2.5. Neural Network Hedging Methodology
An alternative to the classic hedging described above is hedging by training a neural network to buy/sell assets that will minimize the percentage change in the net position of the portfolio of VA liabilities and assets from day to day. This is done by constructing a neural network with the same inputs as the neural network described above to price the guarantees. Like the neural network used for pricing, the network contains a single hidden layer of ten nodes. However, instead of the output layer only containing one node for the liability value, the output layer contains nodes that correspond to different assets used to hedge the portfolio. In this paper, the only assets we assumed available for constructing the hedging portfolio were the same two assets used in the delta-rho hedging methodology, namely “stocks” and “bonds” as described above. Thus, the architecture of the network can be described as 10-10-2. The logic for choosing this architecture parallels that for the pricing neural network, though other configurations could be used. Also, while we only chose to use the two specified assets for this study, we note that one of the benefits of this methodology is its flexibility; it could be made to work with many different sets of available assets.
To summarize the methodology, this hedging neural network uses the same inputs as used in the pricing neural network described above and puts out the quantity of each asset to buy/sell and can be trained to buy/sell assets that will minimize some error function related to the goal of creating the hedge. This reduces the computational cost for obtaining the information needed to hedge the portfolio because a single pass through a neural network involves significantly less computation than simulating a large number of economic paths four different times to find the delta and the rho.
2.6. Neural Network Training
An important aspect of using a neural network for machine learning is training the weights between the nodes in order to better learn the relationship between model inputs and outputs. The simplest algorithm is a so-called “gradient descent”, where the derivative of some error function (typically a sum of squares error function for regression applications, or a cross-entropy error function for classification problems) is taken with respect to each weight. Then, each weight is updated by moving it in the negative direction of its element of the gradient, scaled by some learning rate.

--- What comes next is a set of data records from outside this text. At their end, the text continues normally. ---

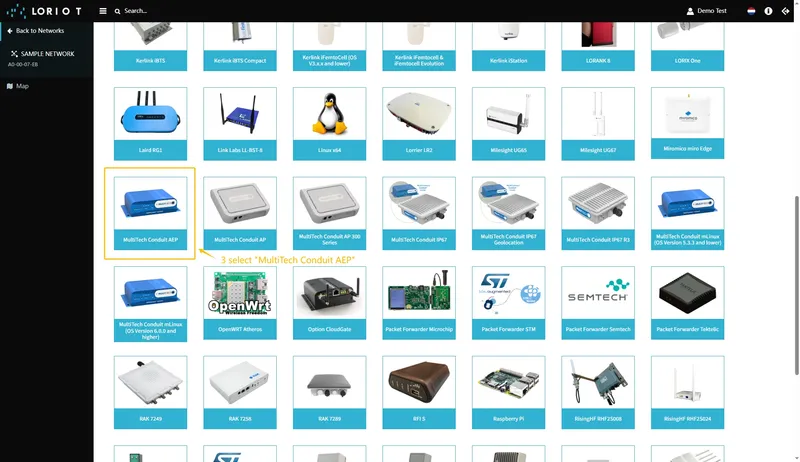Scroll down and select "**MultiTech Conduit AEP**".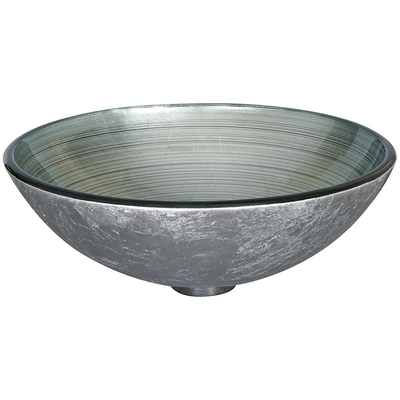 Silver Tempered Glass Sink Vessel Brushed Line Dengan Foil 420 * 420 * 145mm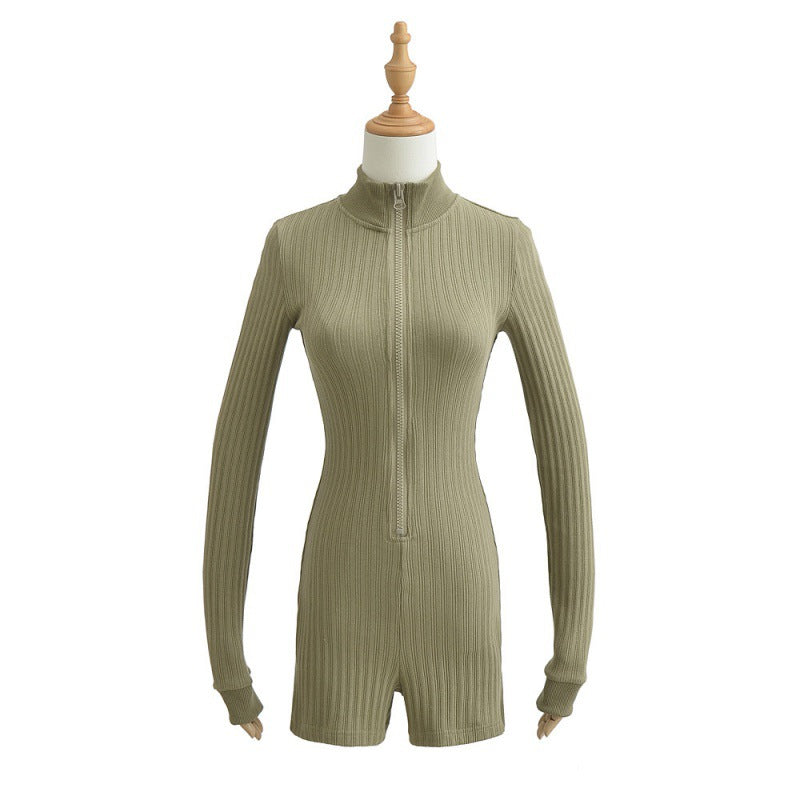 Women's Half Turtleneck Knitted Long-sleeved Summer Sexy Jumpsuits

A challenge associated with this approach is that if the learning rate is too large, the network will skip over global or local minima and never converge, and if the learning rate is too small, training will take a long time to converge. For this study, the error function chosen was a key determinant in the performance of the neural network; in
Section 3.2, we explore the ramifications of changing the error function.

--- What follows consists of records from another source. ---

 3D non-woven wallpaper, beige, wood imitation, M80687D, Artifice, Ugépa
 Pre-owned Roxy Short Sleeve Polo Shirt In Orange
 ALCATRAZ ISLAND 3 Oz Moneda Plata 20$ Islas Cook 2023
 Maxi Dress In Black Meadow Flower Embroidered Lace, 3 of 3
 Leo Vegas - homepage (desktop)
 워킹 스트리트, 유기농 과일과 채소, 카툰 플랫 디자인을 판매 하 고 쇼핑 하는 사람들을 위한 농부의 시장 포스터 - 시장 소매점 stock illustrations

Alternatives to gradient descent include the resilient backpropagation algorithm (RPROP), scaled conjugate gradient descent (SCGD), and the Broyden-Fletcher-Goldsharb-Shanno algorithm (BFGS). (
Riedmiller 1994;
Møller 1993) RPROP is an algorithm that updates each weight only based on the sign of the gradient. It then increases the size of the step for each weight as long as that weight maintains the sign for its gradient. If the sign of the gradient for a particular weight changes, the size of the step for that weight is decreased and the step size begins moving in the opposite direction. RPROP is fast, initially, because it uses only first order information but can be slower to converge overall because the use of only first order information makes it difficult for the algorithm to converge towards the end of training.
SCGD is an algorithm that improves on simple gradient descent using a second order approximation to the error function to find an appropriate learning rate at each iteration. BFGS uses a more complete second order approximation and also a line search to determine the appropriate step size and direction for each weight.

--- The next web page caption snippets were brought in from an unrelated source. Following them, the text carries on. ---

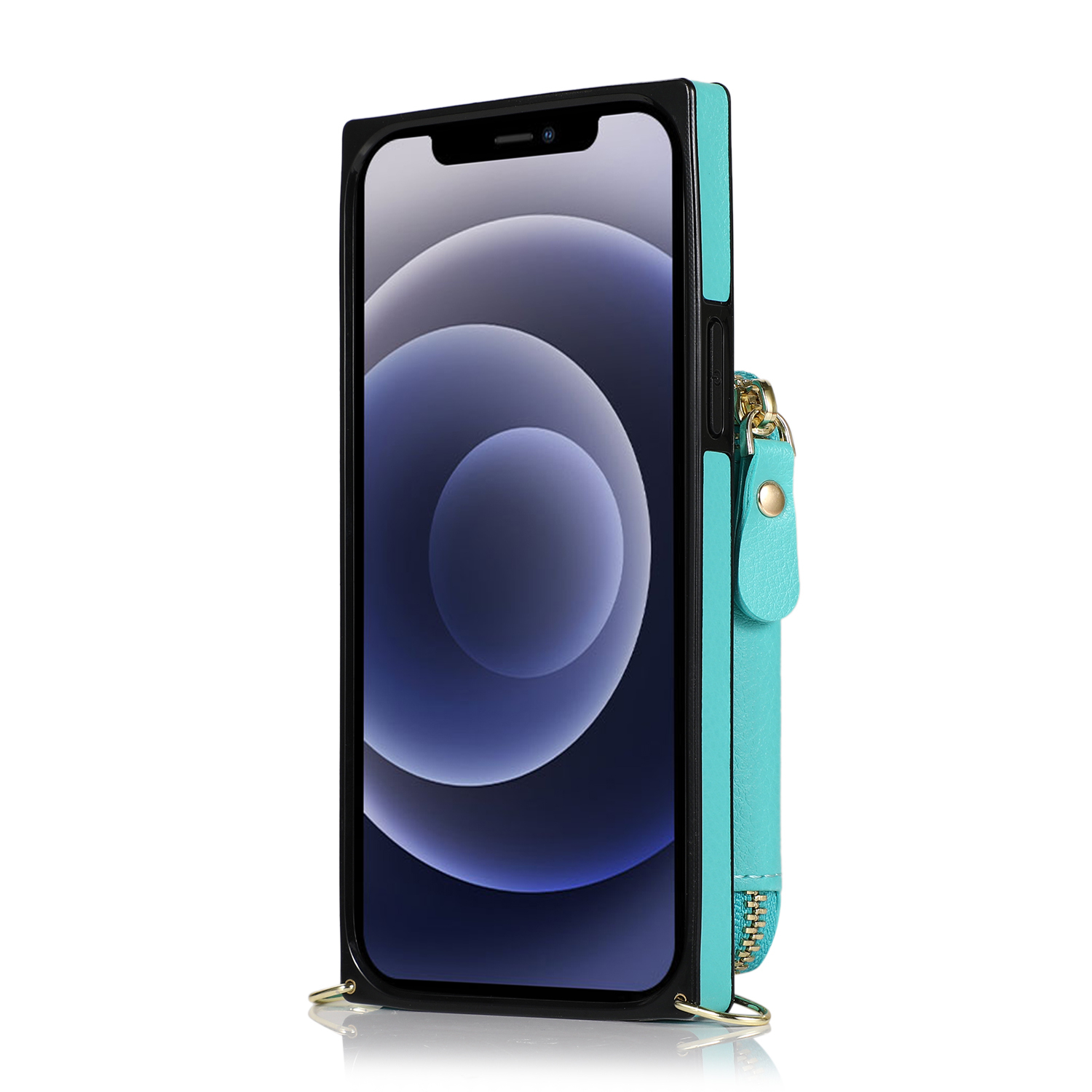 iPhone 12 / iPhone 12 Pro Necklace Leder Schutz Hülle mit Kartenfächer   Handykette (140cm) - Türkis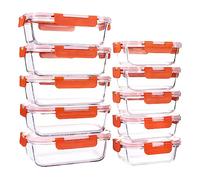 UMEIED 10 PACK Glass Food Storage Containers with Leak Proof Lids, Glass Airtight Meal Prep Containers Set for Lunch, On the Go, Leftover, Kitchen Pantry Organizers and Storage (Orange)
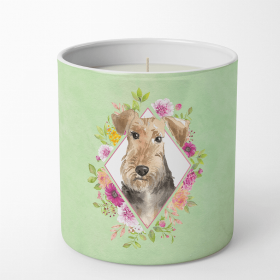 Airedale Terrier Green Flowers Decorative Soy Candle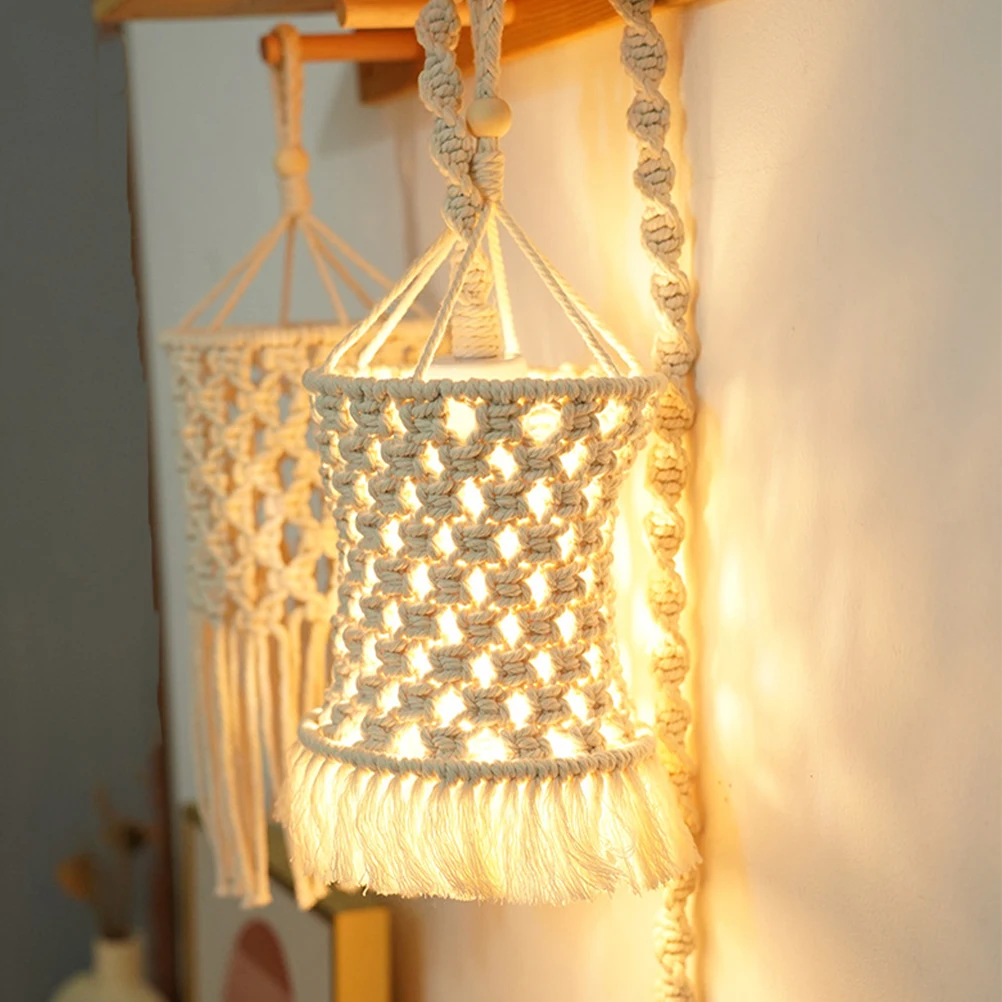 

Bohemian Macrame Lamp Shade Decorative Hanging Light Cover Woven Pendant Shade Tassel Boho Room Decor Durable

For the results in this paper, the BFGS algorithm was used as implemented in the nnet package in R (
Venables and Ripley 2002;
R Core Team 2017). However, parts of the analysis were also run with the SCGD algorithm, with comparable performance. We found that the RPROP algorithm provides a faster initial reduction in error but converges to a desired level of accuracy more slowly than with the other two algorithms, and sometimes fails to converge entirely.
We prepared the dataset by splitting the data into a training set and a testing set. Specifically, 80% of the data were used for the training set, while the remaining 20% were used for testing; we randomly chose the points to be placed into each set. There were in total 2530 data points, 2023 of which were used for training, while the remaining 507 were used for testing. This method of partitioning the data for training and testing (i.e., a randomly chosen 80/20 split) is rather common in neural network applications.
4. Conclusions
The results of the previous section demonstrate that neural networks can indeed be used effectively to price as well as hedge various types of VA GMxB guarantees. When using neural networks in this manner, we see a significant gain in efficiency (speed) when compared to the traditional pricing and hedging methodologies. In some cases, the performance of the neural network was markedly superior, whereas in other cases, the performance is comparable to traditional methods, but in all cases, the relative efficiency gains were quite significant.
In some hedging scenarios, the neural network can tend to overinvest to assets to form the hedge portfolio, sometimes resulting in unreasonably large capital requirements. Using different tolerance thresholds in the error function when training the network can largely control this tendency and can significantly impact on the results; there is often a tradeoff between quality of the hedge (as measured by our HE1 metric) and the cost of capital required for the hedging assets. Of course, whether this tradeoff is worthwhile will depend on the cost of capital relative to the benefit of the more efficient calculations, cost of computing resources, and other considerations.
In this paper, we have demonstrated that there can be significant efficiency gains over traditional models when we utilize neural networks for the pricing of various VA guarantees; we found these gains consistently over four of the more popular types of GMxB guarantees: GMDB, GMAB, GMDB, and GMWB. We have also shown that it is possible to use neural networks to hedge these types of VA guarantees, as an alternative to the traditional delta-rho methodology using MC simulations. We have experimented with different tolerances (thresholds) in the error function used to train the neural networks and have examined the resulting hedging performance using a variant of the HE1 metric. In all cases, the neural networks exhibited promising results.
There are several possible avenues for future work in this line of research. We have shown that the error function can have a significant effect on the performance of a neural network; while we have experimented with various thresholds, it may also be worthwhile to consider different forms of error functions and to measure the resulting performance, especially given the large impact that the error function and threshold has been shown to make in terms of both hedging performance and speed. In addition, while the HE1 hedging metric we used here seems to be a reasonable method for capturing the performance of the hedge for these guarantees, many other metrics are possible and have been used by various researchers. It would be instructive to repeat this type of study using some of the other measures. In addition, it may be helpful to generalize the results obtained here by applying this methodology to other time periods. The time period used here was chosen arbitrarily in order to demonstrate the methodology, but a deeper look into the relative performance of the neural network over different times periods spanning a broad range of interest rate and stock market conditions would seem to be warranted. Further, while our model accounts for mortality, it does not incorporate elements of policyholder behavior, such as lapses or dynamic withdrawal behavior. As neural networks are very flexible, they could certainly be trained to incorporate these important aspects of variable annuities. Finally, one of the most significant benefits of using the neural network to hedge is the flexibility of choice of hedging assets. While we used only two assets here, namely a stock index and bond, the neural network approach could be used with virtually any number and/or type of assets. There is an opportunity to explore this idea and determine which combinations of asset types are most effective for hedging the various types of VA guarantees.